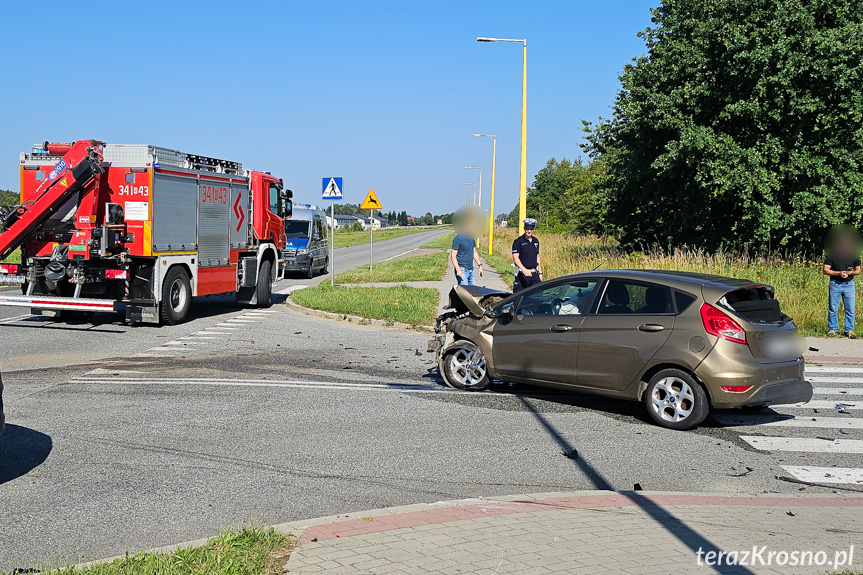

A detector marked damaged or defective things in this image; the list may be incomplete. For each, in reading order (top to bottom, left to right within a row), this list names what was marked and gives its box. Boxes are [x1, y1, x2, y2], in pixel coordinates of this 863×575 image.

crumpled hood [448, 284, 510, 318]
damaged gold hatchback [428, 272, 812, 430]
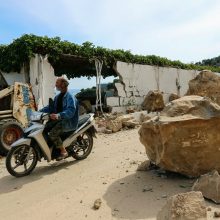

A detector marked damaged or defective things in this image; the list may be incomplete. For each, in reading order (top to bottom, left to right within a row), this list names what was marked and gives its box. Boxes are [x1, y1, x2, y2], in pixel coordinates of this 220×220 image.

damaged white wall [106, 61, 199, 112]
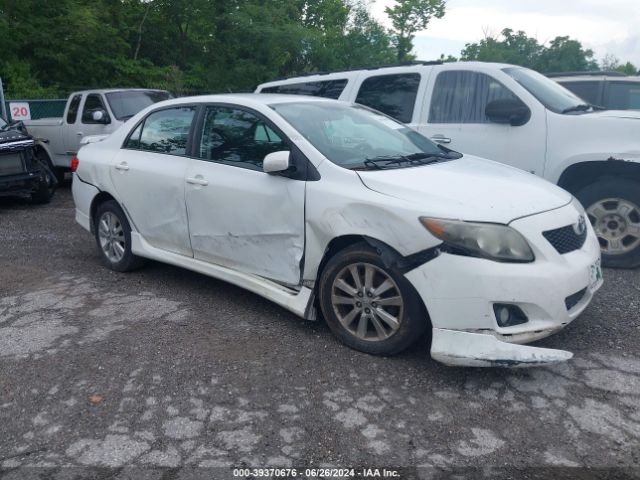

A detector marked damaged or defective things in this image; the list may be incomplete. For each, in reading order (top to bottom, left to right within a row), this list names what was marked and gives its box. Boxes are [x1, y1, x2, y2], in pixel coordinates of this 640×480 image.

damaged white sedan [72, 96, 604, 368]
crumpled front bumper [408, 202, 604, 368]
= = =
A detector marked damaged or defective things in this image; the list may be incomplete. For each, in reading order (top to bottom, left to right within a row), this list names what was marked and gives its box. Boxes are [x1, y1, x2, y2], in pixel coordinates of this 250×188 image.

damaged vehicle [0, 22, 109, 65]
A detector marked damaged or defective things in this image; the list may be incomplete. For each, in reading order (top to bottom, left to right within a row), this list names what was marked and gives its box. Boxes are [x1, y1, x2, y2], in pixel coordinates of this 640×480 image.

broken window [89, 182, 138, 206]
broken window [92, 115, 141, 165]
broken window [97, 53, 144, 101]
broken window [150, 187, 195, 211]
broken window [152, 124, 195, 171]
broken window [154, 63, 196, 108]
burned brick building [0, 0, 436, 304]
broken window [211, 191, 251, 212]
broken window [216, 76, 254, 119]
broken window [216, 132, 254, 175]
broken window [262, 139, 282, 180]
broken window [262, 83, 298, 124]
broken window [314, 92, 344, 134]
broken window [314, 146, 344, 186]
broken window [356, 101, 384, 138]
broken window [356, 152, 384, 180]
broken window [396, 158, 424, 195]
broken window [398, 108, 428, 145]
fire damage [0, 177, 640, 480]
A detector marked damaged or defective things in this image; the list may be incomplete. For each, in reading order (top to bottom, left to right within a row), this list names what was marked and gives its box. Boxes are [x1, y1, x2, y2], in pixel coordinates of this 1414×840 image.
= = =
Set down again, word for word, the stretch of records from the line with "this 250×188 image." to the line with "this 1414×840 image.", both of those lines included.

A detector marked damaged or defective things in this image; the list may be incomplete. For each, in reading order (top to bottom, left to right within a row), this list names what was marked and gives its box. Boxes are [x1, y1, x2, y2], in pixel coordinates of this 250×188 image.

damaged vehicle [0, 22, 109, 65]
A detector marked damaged or defective things in this image; the list may be incomplete. For each, in reading order (top to bottom, left to right within a row), this list names what was marked and gives its box. Boxes are [x1, y1, x2, y2], in pixel coordinates of this 640×480 image.

broken window [89, 182, 138, 206]
broken window [92, 115, 141, 165]
broken window [97, 53, 144, 101]
broken window [150, 187, 195, 211]
broken window [152, 124, 195, 171]
broken window [154, 63, 196, 108]
burned brick building [0, 0, 436, 304]
broken window [211, 191, 251, 212]
broken window [216, 76, 254, 119]
broken window [216, 132, 254, 175]
broken window [262, 139, 282, 180]
broken window [262, 83, 298, 124]
broken window [314, 92, 344, 134]
broken window [314, 146, 344, 186]
broken window [356, 101, 384, 138]
broken window [356, 152, 384, 180]
broken window [396, 158, 424, 195]
broken window [398, 108, 428, 145]
fire damage [0, 177, 640, 480]
A detector marked damaged or defective things in this image; the list may be incomplete. For each, in reading order (top to bottom, left to right within a row), this list names what was marked and gives its box. Boxes are [x1, y1, x2, y2], in pixel coordinates of this 1414×840 image.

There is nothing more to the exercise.